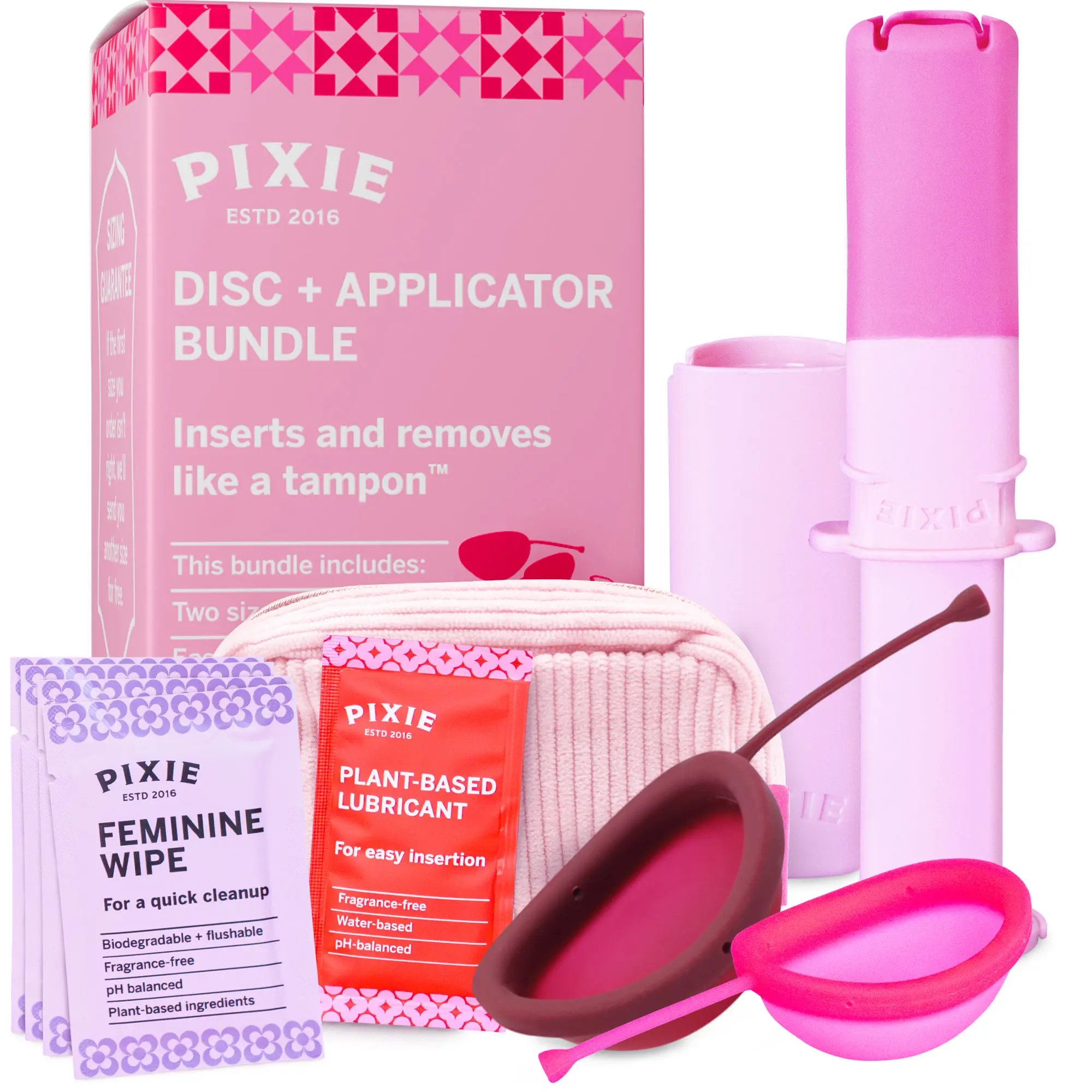 Pixie 2 Menstrual Discs and Applicator Bundle for Feminine Care - 100% Medical-Grade Silicone - Softest Reusable Period Disc - Inserts and Removes Like a Tampon - Capacity of 5 and 7 Tampons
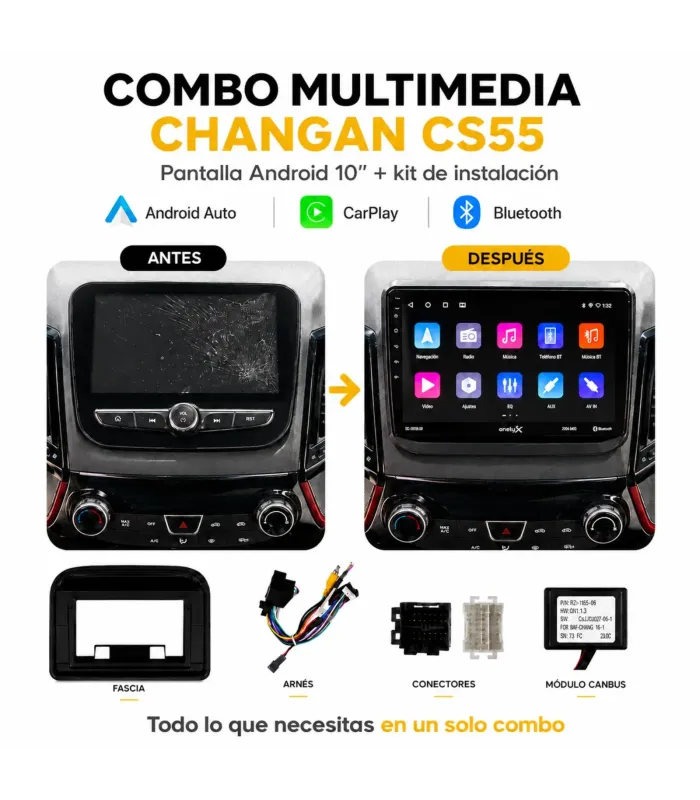 Combo Multimedia Radio Onelux 10" QLED Fascia y Camara Reversa Changan CS55 Antes y Despues.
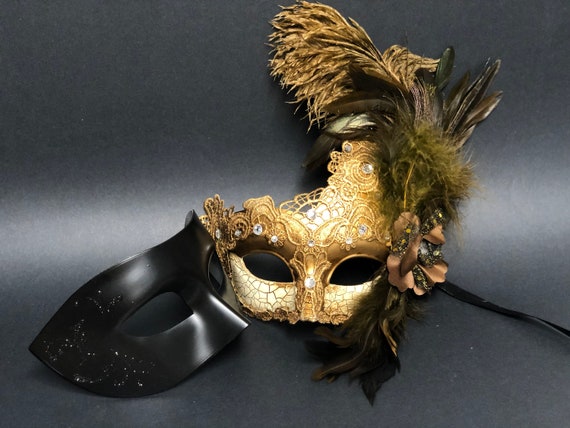 Venetian Half Moon Masquerade Feather Mask - Gold Black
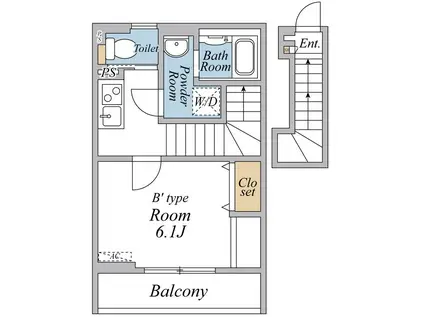 リブリ・国立ルミエール(1K/2階)の間取り写真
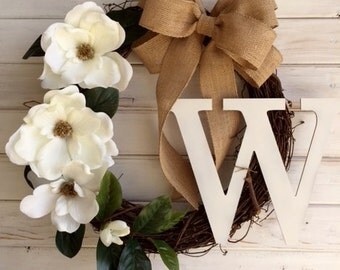Everyday Farmhouse Magnolia Wreath--Front Door Wreath--Burlap Wreath--Monogram Wreath--Farmhouse Decor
--------------------------------------------------
## BRIEF:
For each record above, write out its text exactly and skip any picture.

## OUTPUT FOR THIS TASK:
 Pixie 2 Menstrual Discs and Applicator Bundle for Feminine Care - 100% Medical-Grade Silicone - Softest Reusable Period Disc - Inserts and Removes Like a Tampon - Capacity of 5 and 7 Tampons
 Combo Multimedia Radio Onelux 10" QLED Fascia y Camara Reversa Changan CS55 Antes y Despues.
 Venetian Half Moon Masquerade Feather Mask - Gold Black
 リブリ・国立ルミエール(1K/2階)の間取り写真
Everyday Farmhouse Magnolia Wreath--Front Door Wreath--Burlap Wreath--Monogram Wreath--Farmhouse Decor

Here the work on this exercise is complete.